Frankly, I was always a bit skeptical of this argument, as it reeks of a second-best solution. In other words, if you're being rational, better answers are unlikely to come from deliberately feeding in faulty inputs. Including your chances of victory. This only works if it's the workaround to some other faulty process - one bias (inability to try hard in the face of failure) is offset by another bias (convincing yourself that you won't fail).

But I remain committed to the belief that the first-best solution is always to eliminate the biases - in this case, figure out how to try hard even if you do think you'll lose.

Since this is what I aim at, I want to know the true probability, and work from there. It's a fair bet that most other team members (if they're non-economists or non-statisticians) won't feel that way. They'll view you as a negative nancy.

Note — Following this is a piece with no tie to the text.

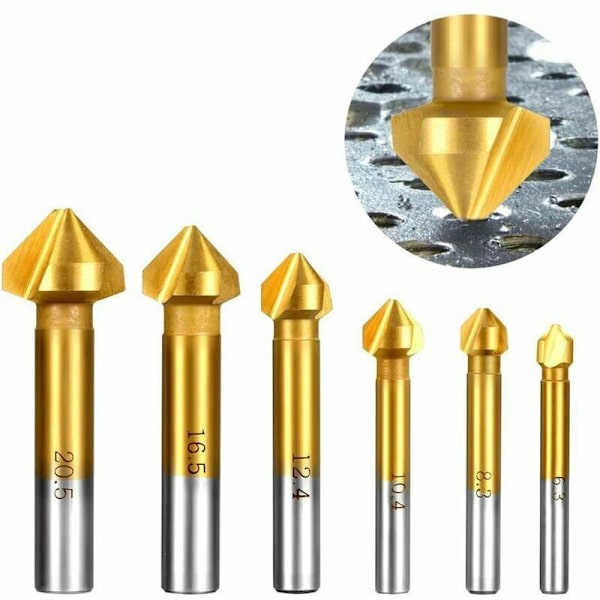90° försänkningssats, Hss 4241 försänkningsfräsar med titanbeläggning för trä och mjuka metallfasningsfräsar 6 delar Innehåller 6,3–20,5 mm borr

I remember this came to its zenith when we were down at half time. The captain of the team was trying to get us fired up. He said 'hands up who thinks we're going to win this game'. About half the team put up their hands. He responded, 'Right, you guys are on the field'. Personally, I thought this was absurd, but that's probably part of the reason I never got made captain.

The net effect of all this is that you end up with the absurd result that on any given sports field, at least 70% of the players think they're going to win. They think that they're better than the other team. Talk about the Lake Wobegon Soccer team effect.

It also leads to a hilarious misconception of what it means to be 'better' than the other team. For most people, if they lose on a knife-edge, they'll be bitterly disappointed.

But the statistician sees it differently.

If we play against a really rubbish team, we'll win about 95% of the time. Then we'll advance higher, and play a better team, that we'll beat 70% of the time. We'll advance higher still, until we're playing a team that we have an edge over, but it's tough - we might win 60% of the time.

And eventually, we'll get to a point where we're playing against a team that's very evenly matched. We'll have a 50% chance of winning. And we might just end up in a 16-16 game to 17. And someone drops the disc, and the other team scores. And we lose.

The non-statistician weeps.

The statistician is sanguine. In expectation, we got exactly where we should have. We bet on a fair coin, and it came up tails. This time we lost. Next time we'll win.

But there's no disappointment just because the coin landed on tails.

Funnily enough, that might make for a reasonable consolation speech afterwards. It would certainly have a better likely effect relative to the 'we're probably not going to win, but I plan to try jolly hard anyway' speech.

On the other hand, I'd would be much more inspired by the speech that talked about the true probabilities.

After all, not everybody who's willing to face up to true probabilities is necessarily a coward. The best response to likely defeat is to stare the truth in the face, and give it the finger.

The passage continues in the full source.